Hydrogen is a zero-emission fuel which can power vehicles or be transformed into electricity.
"We imagine that our photocatalysts will prove versatile and that with slight modification they will be able to harness solar energy for the manufacture of carbon-based fuels, drugs and fine chemicals," she added.
The 800,000 pound project will be undertaken by scientists from UEA and Cambridge and Leeds universities.
The scientists believe copying photosynthesis could be more efficient in harnessing the sun's energy than existing solar converters.
Many countries have deployed at least one kind of renewable energy, such as solar, wind power or biofuels, or use a mixture to see which becomes most competitive with fossil fuels.
But as carbon dioxide emissions continue to rise, some experts argue more extreme methods are needed to keep the average rise in global temperatures below 2 degrees Celsius this century, a threshold scientists say would avoid the most harmful effects of climate change.
"Many renewable energy supplies, such as sunlight, wind and the waves, remain largely untapped resources.
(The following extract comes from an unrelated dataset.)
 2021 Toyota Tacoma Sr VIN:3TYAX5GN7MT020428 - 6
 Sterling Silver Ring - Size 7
This is mainly due to the challenges that exist in converting these energy forms into fuels from which energy can be released on demand," said Butt.
Some of the more extreme methods which are being studied are controversial, such as removing large amounts of carbon dioxide from the atmosphere and geo-engineering techniques such as blocking sunlight using artificial clouds or mirrors in space.
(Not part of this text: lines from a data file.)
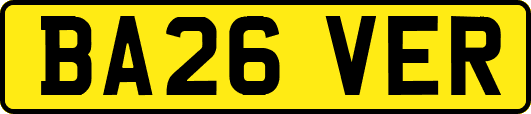 BA26VER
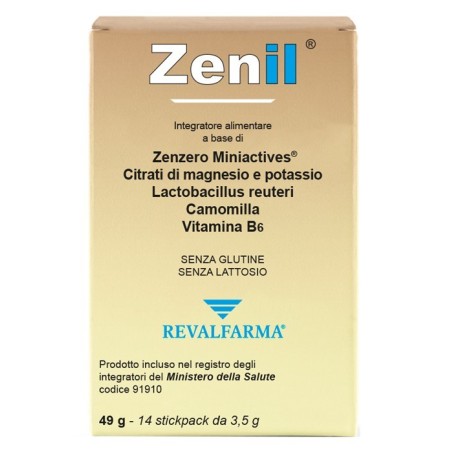 Revalfarma Zenil 14 Bustine 3,5 G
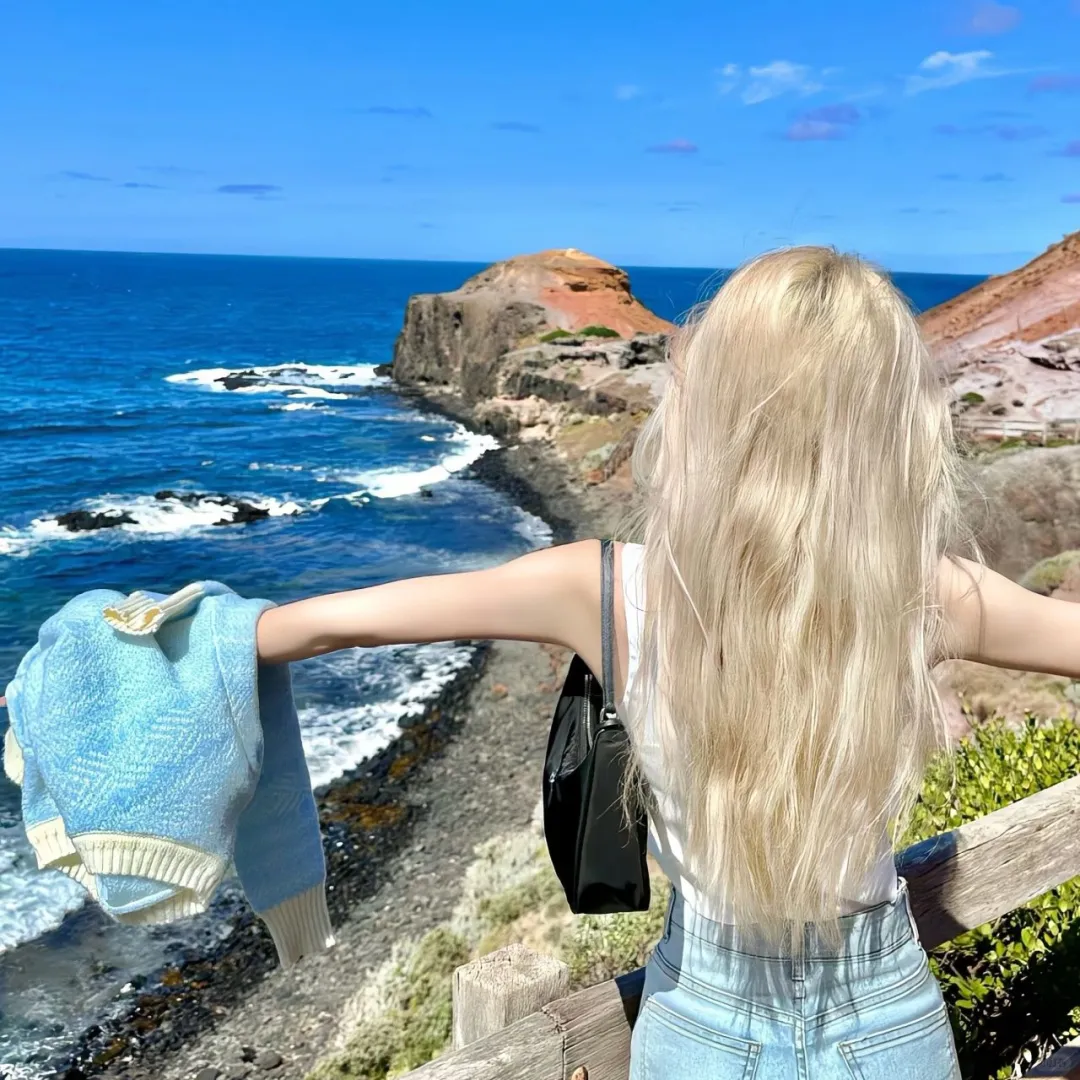 不露脸系列女头像@女生最好的风水就是自己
Such technology is far from being employed on a large scale and the costs are enormous.
Critics argue these techniques manipulate the climate, are too costly, take too long to prove and governments should concentrate on more mainstream renewable energy sources.
Last year, British scientists abandoned a 1.6 million pound experiment to test the possibility of spraying particles into the upper atmosphere to stem global warming.